====== Data for the task

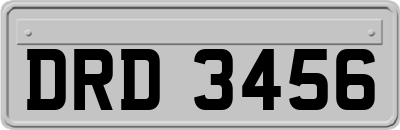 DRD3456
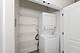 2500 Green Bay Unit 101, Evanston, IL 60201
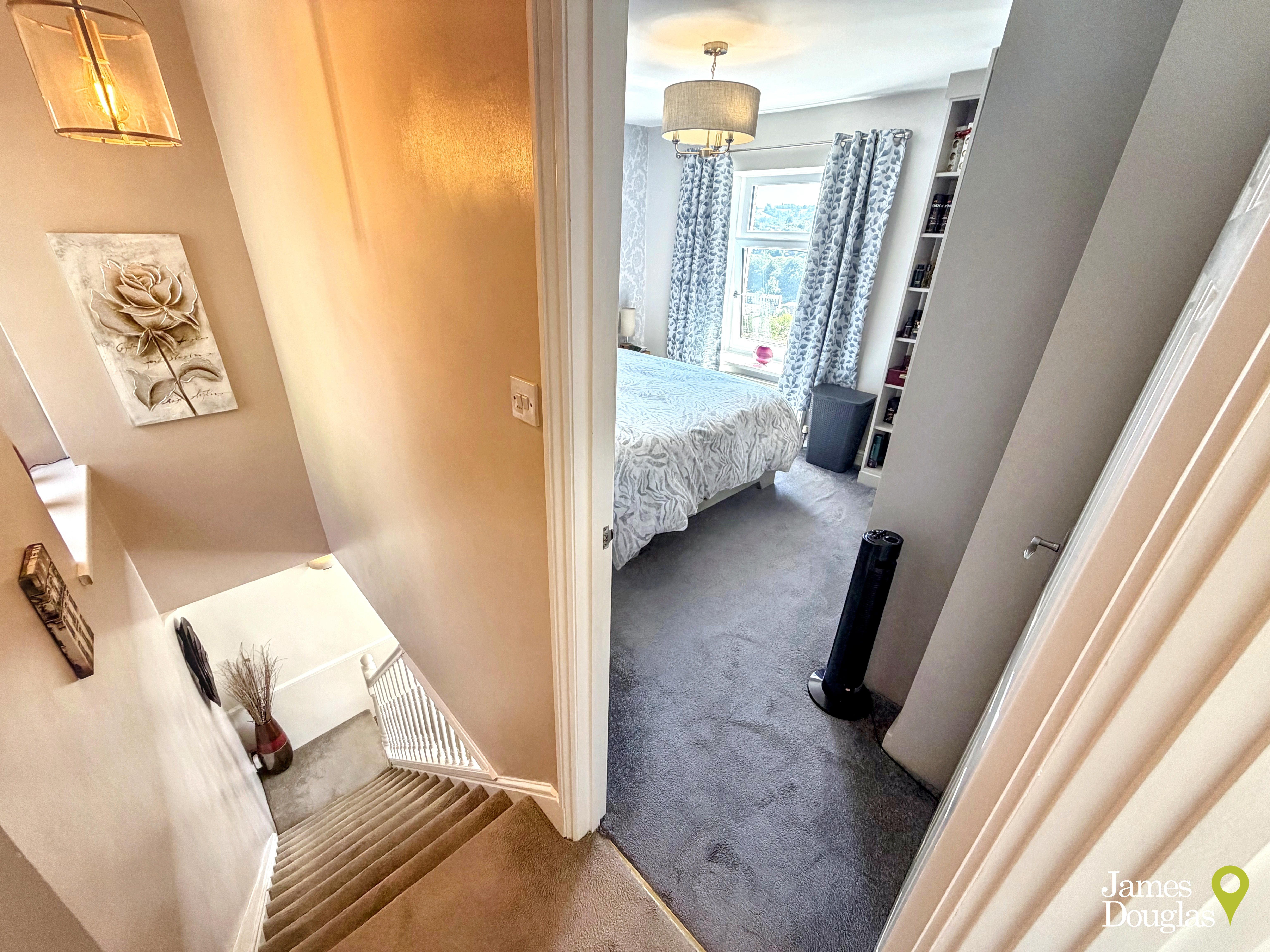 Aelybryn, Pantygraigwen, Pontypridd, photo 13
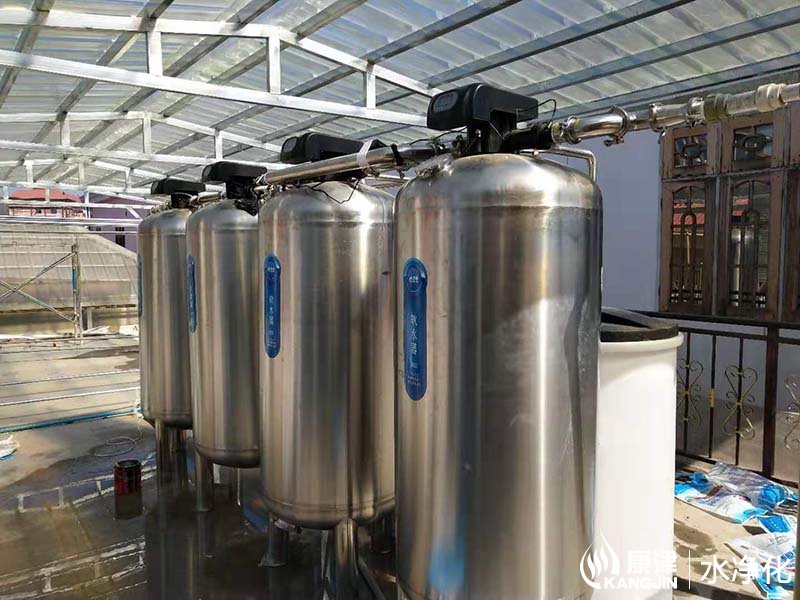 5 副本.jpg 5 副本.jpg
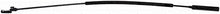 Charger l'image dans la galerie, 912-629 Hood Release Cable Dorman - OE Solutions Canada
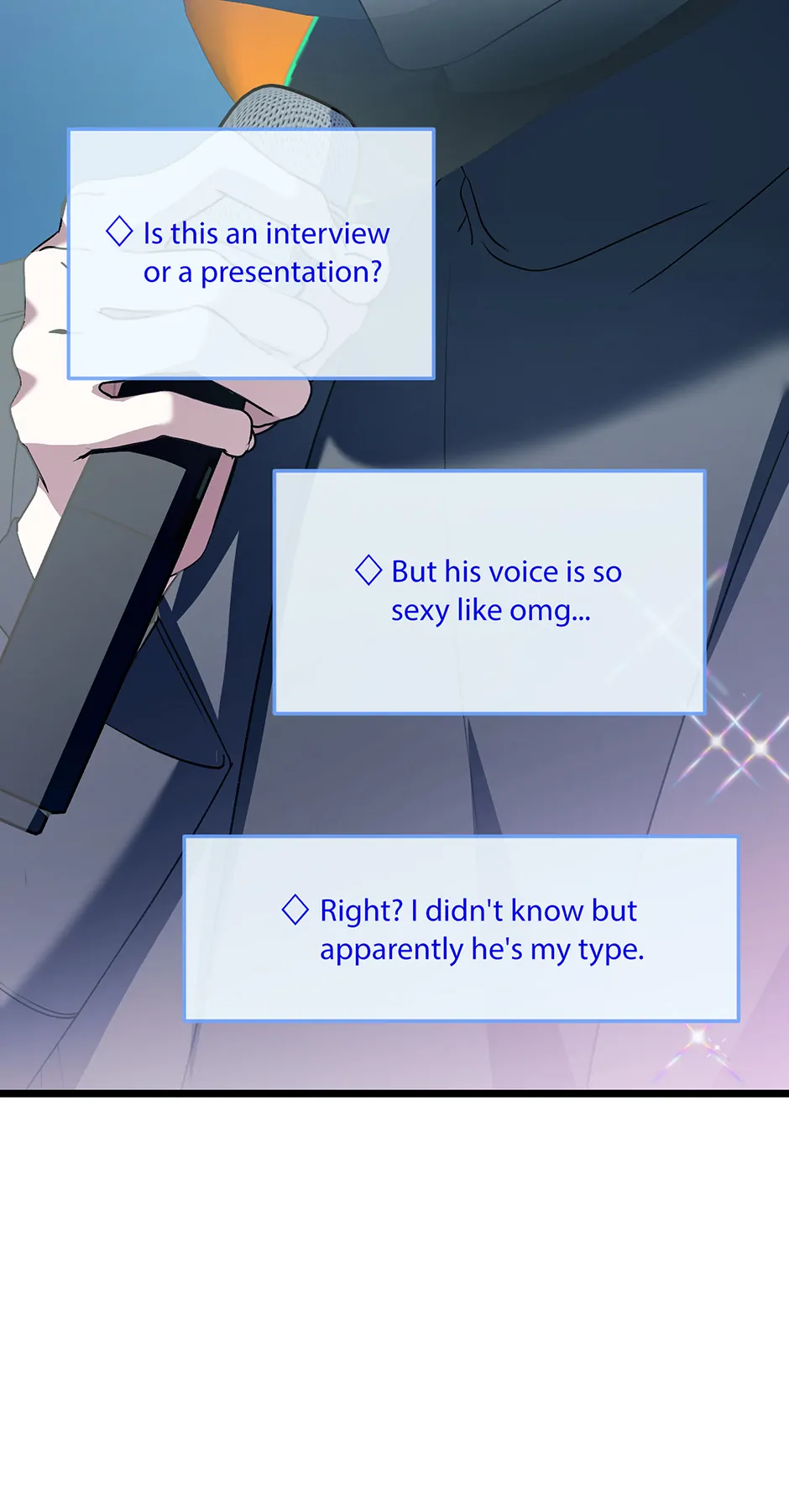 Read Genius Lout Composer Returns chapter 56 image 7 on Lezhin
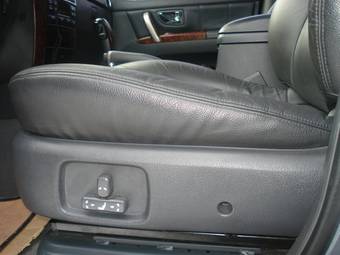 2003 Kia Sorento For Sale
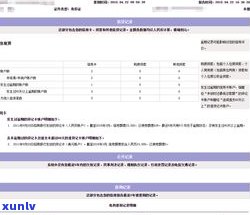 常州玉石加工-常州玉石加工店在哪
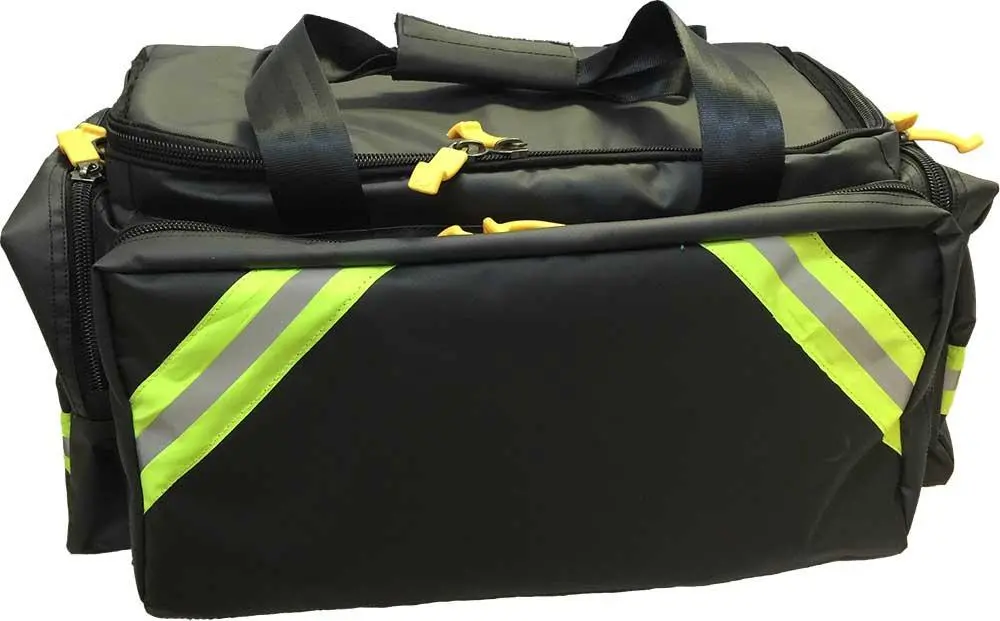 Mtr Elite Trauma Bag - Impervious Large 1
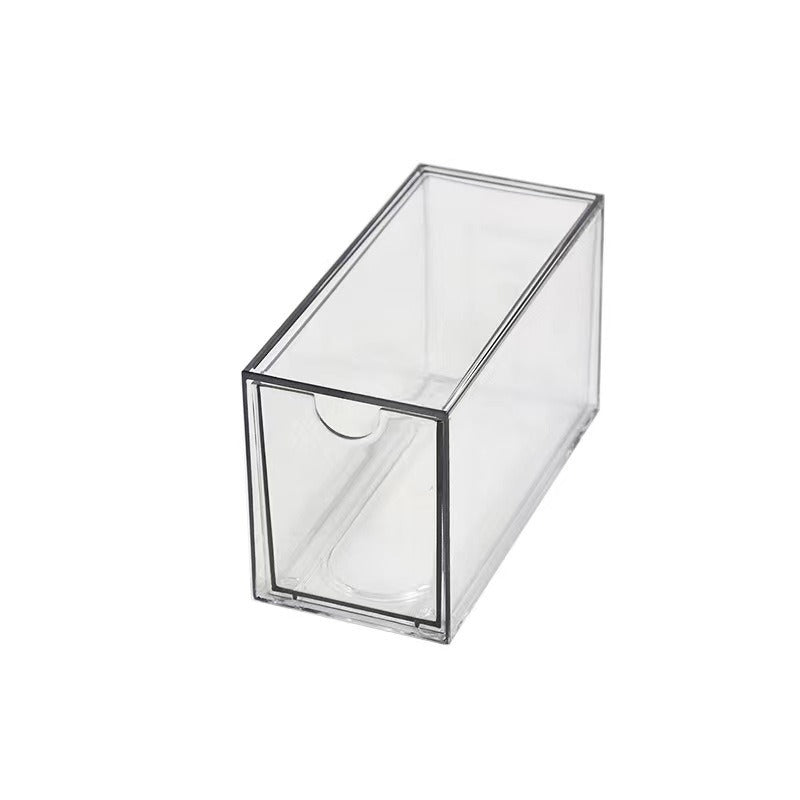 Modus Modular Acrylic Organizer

============

Exercise description: Retype every entry exactly as written, but omit the pictures.

Solution:
 DRD3456
 2500 Green Bay Unit 101, Evanston, IL 60201
 Aelybryn, Pantygraigwen, Pontypridd, photo 13
 5 副本.jpg 5 副本.jpg
 Charger l'image dans la galerie, 912-629 Hood Release Cable Dorman - OE Solutions Canada
 Read Genius Lout Composer Returns chapter 56 image 7 on Lezhin
 2003 Kia Sorento For Sale
 常州玉石加工-常州玉石加工店在哪
 Mtr Elite Trauma Bag - Impervious Large 1
 Modus Modular Acrylic Organizer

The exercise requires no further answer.